If AIGC wants to be applied in the field of finance, which has a high compliance threshold, low fault tolerance rate, and strong professionalism, the primary problem to be solved is to answer the accuracy and compliance of the content, and at the same time, eliminate the illusion problem of large model applications. However, to improve the accuracy rate, it is necessary to combine with the private database of a specific field for training to have a commercial basis.
In terms of the accuracy and compliance of the generated content, Qiu Huihui believes that only by combining AIGC with Feidi's private models and private data can the accuracy of the generated content be improved, the timeliness be enhanced, and the precision of scene adaptation be increased. At the same time, Feidi integrates human-machine collaboration into the entire process of information from the source, processing, production, to distribution, so as to ensure the efficiency of content generation while also ensuring the compliance of the generated content.

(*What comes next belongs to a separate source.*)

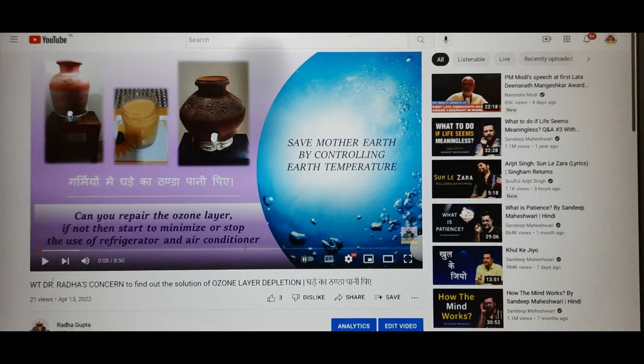Freezing and thawing are highly lethal to cells. In my previous video I already discussed not using things stored in the refrigerator or drinking cold water. Day by day, Earth's temperature is increasing due to ozone layer depletion.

Currently, Feidi serves three types of financial institution clients: securities institutions, fund companies, and banks. According to the data from the statistics of the Fund Industry Association in the second quarter of 2023, among the top 15 securities institutions in the brokerage business of securities companies, 10 have already reached cooperation with Feidi Technology, including CITIC Securities, Huatai Securities, Guotai Junan Securities, China Galaxy Securities, CITIC Construction Investment Securities, China CICC Wealth Securities, China Merchants Securities, GF Securities, Guotou Securities, and Founder Securities. In addition, Yingmi Fund, which has a 20% market share in the fund investment advisor market, and HSBC Bank are also using Feidi products.
90% of the Feidi products currently used by the above enterprises are data products, and the charging model is to charge an annual subscription fee according to the data module. By the end of 2024, the annual income of Feidi data can reach the tens of millions level, and the data renewal rate after customer signing is 100%. The unit price of the existing data module products is 300,000 - 400,000 yuan, and some institutional customer orders exceed one million yuan, exceeding the product unit price and customer unit price of traditional licensed media and data providers that provide information and content services.
The other two product lines of Feidi are entering the quasi-commercialization stage. Among them, the AI product serving the investment advisor department is undergoing initial customer verification, and the AIGC intelligent operation data middle platform is about to enter the product verification stage.
It is reported that Feidi previously completed a 7 million yuan angel round of financing and is currently undergoing a Pre-A round of financing, with Hua Jun Capital serving as the financial advisor.